# DIY Power Drawbar (hydraulic)



## spumco (Sep 25, 2017)

Ok, so the question just came up in the TTS toolholder thread about a PDB I made for my CNC mill.  Figured I'd avoid muddying the TTS thread and post details here.

_*Hang on, this is going to be staggeringly long.  "TLDR" doesn't even touch it...*_

First - basic concept is similar to other push-type drawbars.  A stack of belleville spring washers bears against the underside of a drawbar washer and the spindle top.  This puts tension on the drawbar, drawing the collet up in to the spindle taper.  Pre-load is set by tightening the drawbar to a certain torque.  Same advantages & disadvantages as similar systems with no pull stud as on 'grown-up' commercial machines with CAT40 or similar spindles.

Second - I went with this design because I simply didn't have room for a traditional 3-stage air cylinder right on top of the spindle.  I replaced the spindle motor with a massive lump and ran out of real estate right over the spindle.  A traditional arrangement would have been about 2 feet tall to clear the motor.  So I needed an off-set lever arrangement, but I didn't want to hang a giant 6" air cylinder off the head, nor did I want to pay the $300-$400 for a 3-stage cylinder.

Using an air over hydraulic arrangement means you can get serious pressure using a small, cheap air cylinder running at low air pressure and low volume.

Third - there are other options besides push-type PDB's.  I didn't want an impact gun thing because I would like an ATC eventually.  I needed something that could be controlled by the computer.   There's another arrangement for the Novakon mills that uses a stepper motor and gearbox to torque the drawbar - it's way, _way_ slick.  But it's expensive and by the time I integrated it on to my non-Novakon mill I'd probably have more work in it than with my current arrangement.

Components:
1. Spindle is standard R8 taper, cartridge type.  Double angular contact bearings at bottom, nothing special.  Top is threaded for the pulley retaining nut with some oddball metric fine thread.  Single timing belt pulley, no gears, although I'm sure someone with a stock gear-head mill could accomplish the same basic thing.

2. Air cylinder is an 80mm pancake type.  About 1.5" stroke.  Bought new from Automation Direct.

3. Frame is a plate sitting on top of the mill head with two uprights for the lever.  Frame serves as a cylinder mount & lever axle mount, and also bears against the bottom of the hydraulic cylinder.  The frame is floating so when the thing activates it lifts up about .025" and 'pinches' the hydraulic cylinder so the only load on the spindle bearings is the weight of the assembly.  There is a "U" shaped cut-out where it fits around the spindle and bears against the cylinder mount lower flange.  I also incorporated a spindle index sensor for rigid tapping, but that's not important to the basic design.

4. Lever is simply a couple steel plates with roller bushings at each end.  Think of a V8 engine valve lifter.
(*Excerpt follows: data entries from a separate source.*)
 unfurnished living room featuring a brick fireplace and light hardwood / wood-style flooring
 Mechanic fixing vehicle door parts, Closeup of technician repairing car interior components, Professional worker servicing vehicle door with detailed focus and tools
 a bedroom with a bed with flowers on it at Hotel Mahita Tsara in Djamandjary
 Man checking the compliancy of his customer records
5. Drawbar is a chunk of 7/16-20 Gr-9 all-thread with a heavy nut pinned to the top.  There is an extra-heavy washer under the nut, and below that is a stack of belleville spring washers.  The springs bear against another heavy washer/bushing on the top of the spindle  The springs push the drawbar up closing the collet.  More on the springs later.

6. Cylinder mount is a steel tube with a threaded and flanged top end.  This is what is is threaded on the spindle top and serves to retain the pulley, keep the bellevilles from moving around, and serves as a mount for the hydraulic cylinder. 
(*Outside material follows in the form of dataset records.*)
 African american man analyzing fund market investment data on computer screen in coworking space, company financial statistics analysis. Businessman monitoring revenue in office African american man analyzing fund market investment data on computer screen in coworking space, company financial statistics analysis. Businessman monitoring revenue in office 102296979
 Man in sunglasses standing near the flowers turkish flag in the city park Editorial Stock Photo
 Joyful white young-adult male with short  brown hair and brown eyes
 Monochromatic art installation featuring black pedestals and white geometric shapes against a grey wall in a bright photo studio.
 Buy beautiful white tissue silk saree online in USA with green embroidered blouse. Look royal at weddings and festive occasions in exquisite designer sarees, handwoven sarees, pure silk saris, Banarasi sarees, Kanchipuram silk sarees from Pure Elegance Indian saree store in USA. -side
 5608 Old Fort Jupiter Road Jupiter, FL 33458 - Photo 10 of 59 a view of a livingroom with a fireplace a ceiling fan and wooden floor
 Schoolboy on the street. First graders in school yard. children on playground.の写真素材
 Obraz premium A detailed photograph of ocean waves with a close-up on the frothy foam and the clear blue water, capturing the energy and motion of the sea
7. Hydraulic cylinder.  This is the tricky bit that does the magic.  This is a solid cylinder about 2.5" long that threads on to the top of the cylinder mount.  Inside the cylinder is a lower .875" piston and an upper .3125" piston.  The lower piston is seated against the top of the drawbar nut.  The upper piston sticks up above the cylinder about .5" and the air-operated lever pushes down on the upper piston.  The void between the two pistons is filled with heavy hydraulic oil.

First thing to understand about operation is that the hydraulic cylinder rotates with the spindle.  It is part of the spindle - yes, it adds rotational mass, but it's pretty compact and close to the rotational axis.  No detectable increase in vibration using the 'balance a nickle on the head' test.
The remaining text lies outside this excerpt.